Whereas one of the principal purposes of the Association is to “foster recognition and use of sound recordings as sources of information by students and research scholars” (Bylaws, II.c); and
Whereas another purpose is to “develop standards of bibliographic control and access to cooperating sound recordings collections assembled for research or instructional purposes” (Bylaws, II.e); and
Whereas another purpose is “to foster improvement of techniques for the reproduction, storage and preservation of sound recordings” (Bylaws, II.f);
The Association for Recorded Sound Collections finds that several provisions of U.S. copyright law impede the effective preservation of historic recordings and unduly restrict public access to those recordings.

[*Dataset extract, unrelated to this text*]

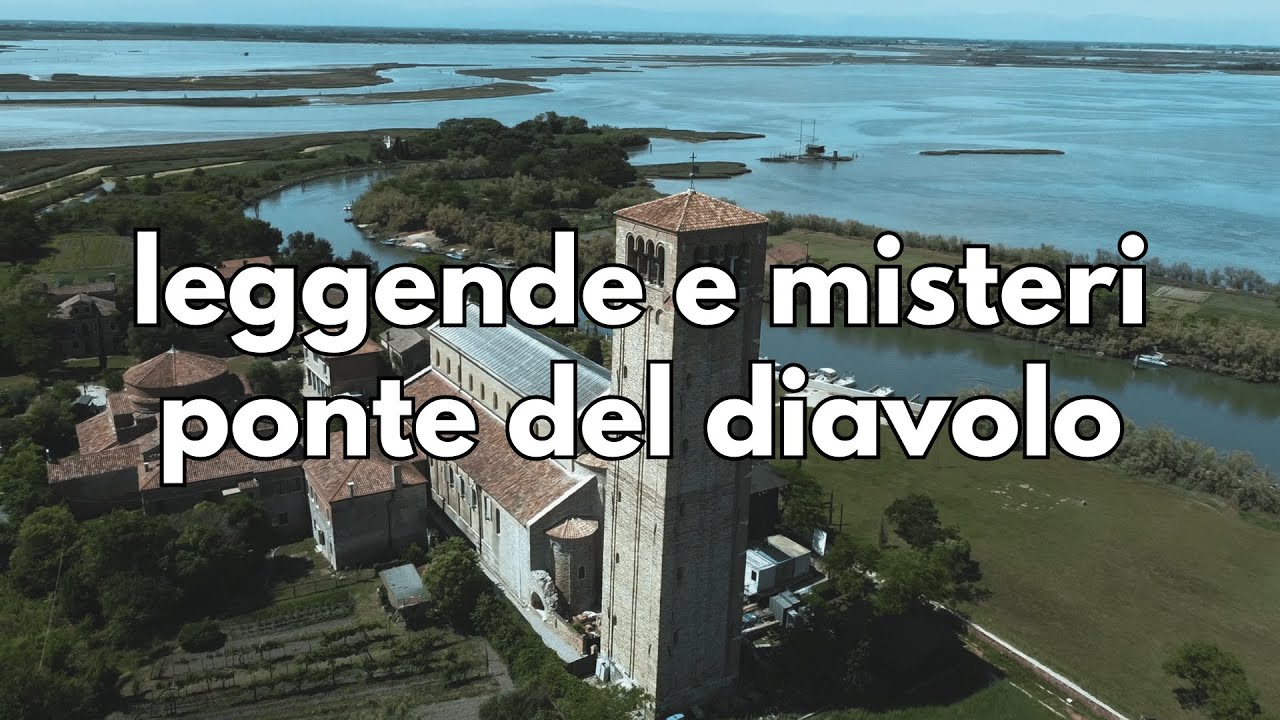 Leggende e Misteri in Veneto: Il Ponte del Diavolo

The Association recognizes the valid purposes of copyright in rewarding creators of recordings with a temporary exclusive right to the exploitation of those recordings, thus encouraging them to create. However, the Association believes strongly that neither creators nor the public are served by excessively long monopoly periods, especially those that exceed the period of commercial viability, or by restrictions on access to recordings that rights holders do not wish to exploit. The Association believes that both state and federal copyright terms for sound recordings are excessively long.
Regarding preservation, the Association believes that current copyright laws and regulation should be modified to eliminate many of the restrictions present in the law. For example, current law limits duplication to materials that are already damaged or deteriorating (sec. 108(c)), which virtually assures sonically deficient archive copies; and limits archives to no more than three backup copies, which does not take into account the need for distributed copies, mirror sites, and backups in order to responsibly maintain digital repositories of files created in a preservation environment.
There should be no legal barriers to the professional reformatting and preservation of published and unpublished historical recordings, with copies of the best possible quality sustained in perpetuity so that humanity’s aural heritage may remain accessible for study and enjoyment.
Regarding dissemination, the Association believes that copyright law should encourage and facilitate the widest possible dissemination of out-of-print recordings, whether by physical reissues using modern technology (e.g., CDs), Internet availability, or other means.
The Association is concerned about the large number of older recordings originally produced for commercial purposes that are now virtually inaccessible due to current laws. The Association notes that hundreds of thousands of historical recordings are controlled by rights holders who have shown little commitment to the preservation or dissemination of these recordings.
The Association believes that when rights holders choose not to make historical recordings accessible, or are unknown, institutions and individuals should be permitted and encouraged to make those recordings available, on reasonable terms and without undue risk or encumbrance.
The Association believes that facilitating dissemination would serve to foster appreciation of our recorded cultural heritage by making recordings generally available for study, as well as increase the likelihood of the survival of the sounds embodied in those recordings.